The Tasmanian Government has overhauled its legacy Triple Zero telephony service in favour of a new platform by NEC Australia.
The Japanese-based technology company has replaced the island’s emergency services’ copper wire-based phone system with the unified communications solution, UNIVERGE SV9500.
NEC was originally awarded the $4.4 million contract to provide and manage the telephony and call centre solution last year for the Departments of Police, Fire and Emergency (DPFEM) and Health and Human Services (DHHS).
According to the original contract notice, the emergency service was previously provided by Spectrum Telephony Services using analogue lines over copper cable supplied by Telstra.
This service was scheduled to be switched off and the wires decommissioned in April 2019, although NEC first started providing a new telephony system and call centre platform from January.
Under the agreement with the Tasmanian Government, NEC will retain ownership of all hardware and software and manage the system for the Government over a five-year term.
“NEC Australia is proud to be a partner in such as crucial project,” NEC Australia managing director Mitsuhiro Murooka said. “There can be few things more important a government can provide its citizens than a reliable Triple Zero service.”
A third-party partner was also engaged to handle voice recording for the Triple Zero messages.
“NEC is respected the world over for our innovation and reliability in IT service delivery and we are pleased to have been able to cooperate with the Tasmanian government in delivering the latest technology for this potentially life-saving service,” Murooka added.
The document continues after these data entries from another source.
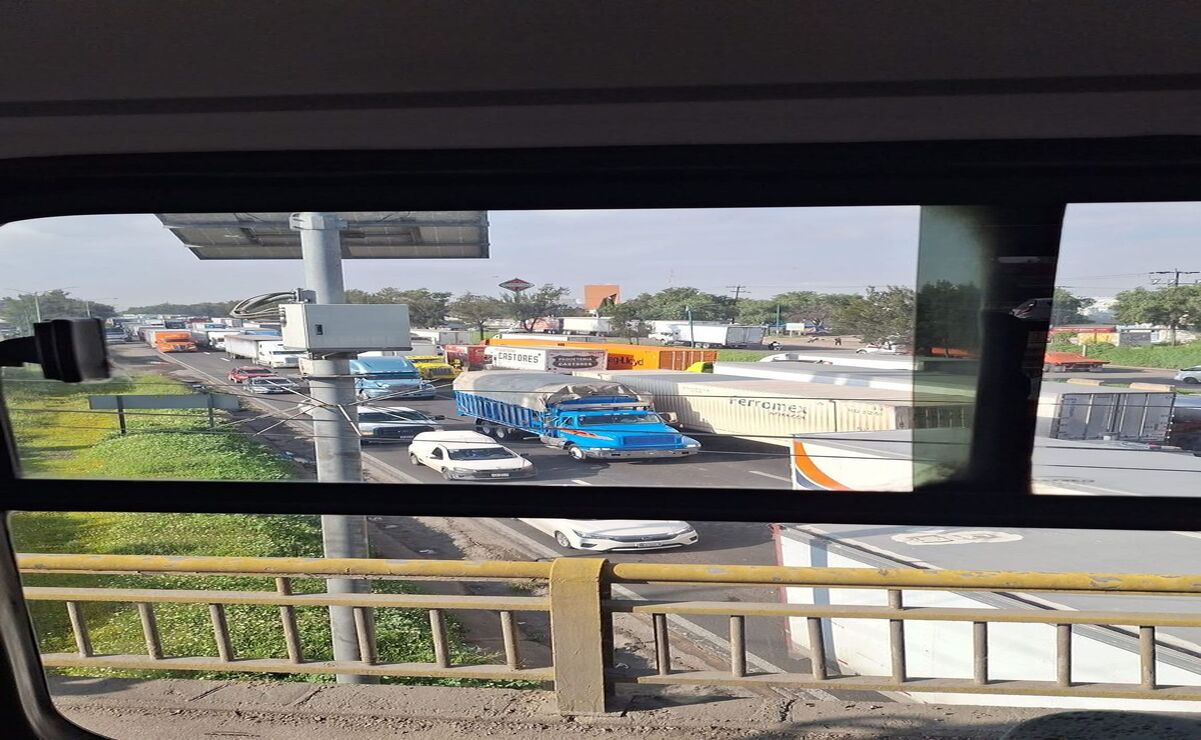 El caos vial en la carretera México-Querétaro se mantiene a casi 24 horas por una protesta vecinal donde exigen el cese a construcciones de naves industriales. Foto: Especial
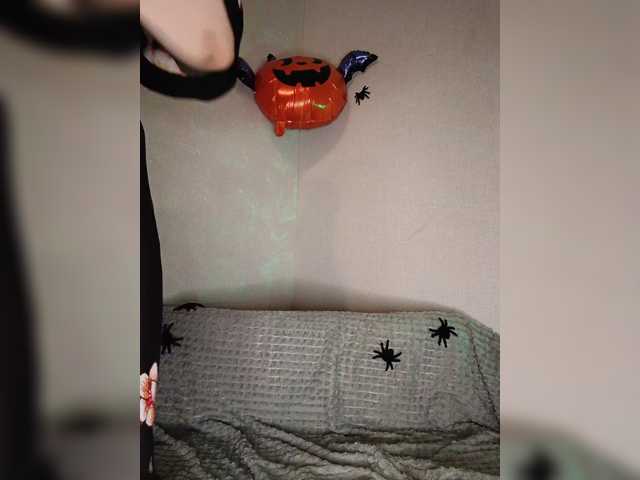 Vetka-konfetka0 live cam on BongaCams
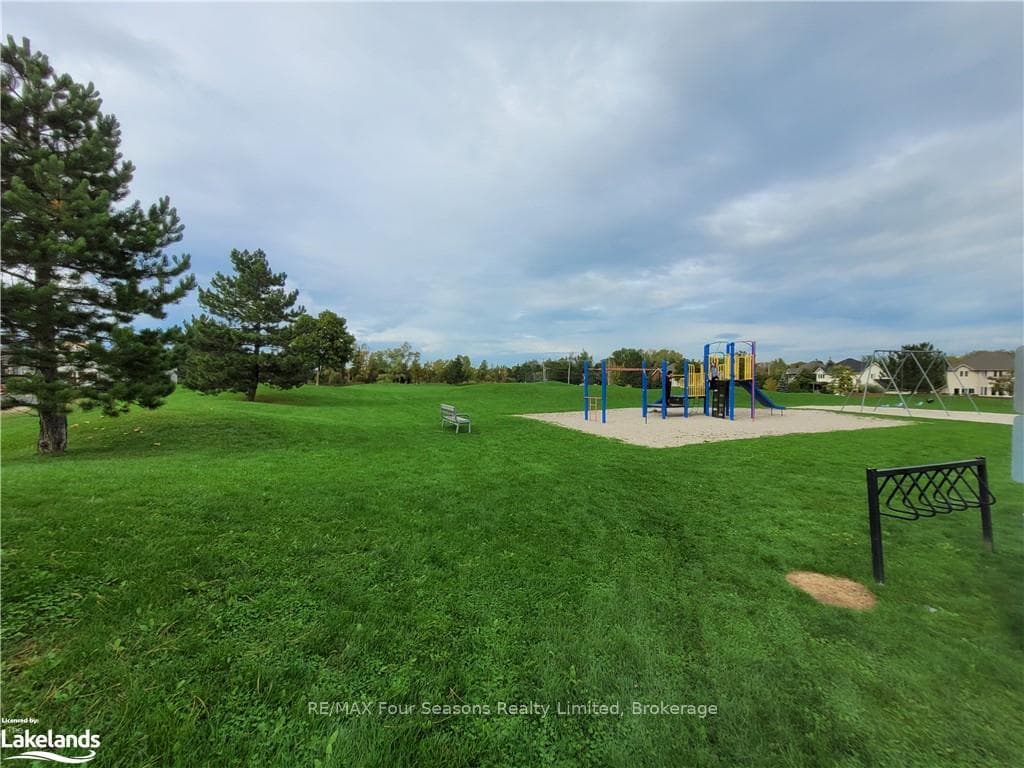 162 SETTLERS Way Unit 37 photo 20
Murooka first joined NEC in April following the departure of Mike Barber at the end of March. Last month, the company won an $8-million dollar contract to secure Sydney Trains network’s control system over the next five years.
The company was also recently awarded two contracts totalling $23 million to improve connectivity for the Western Australia public health system as well as a deal with Melbourne firm Genix Ventures to trial its facial recognition software in exam fraud.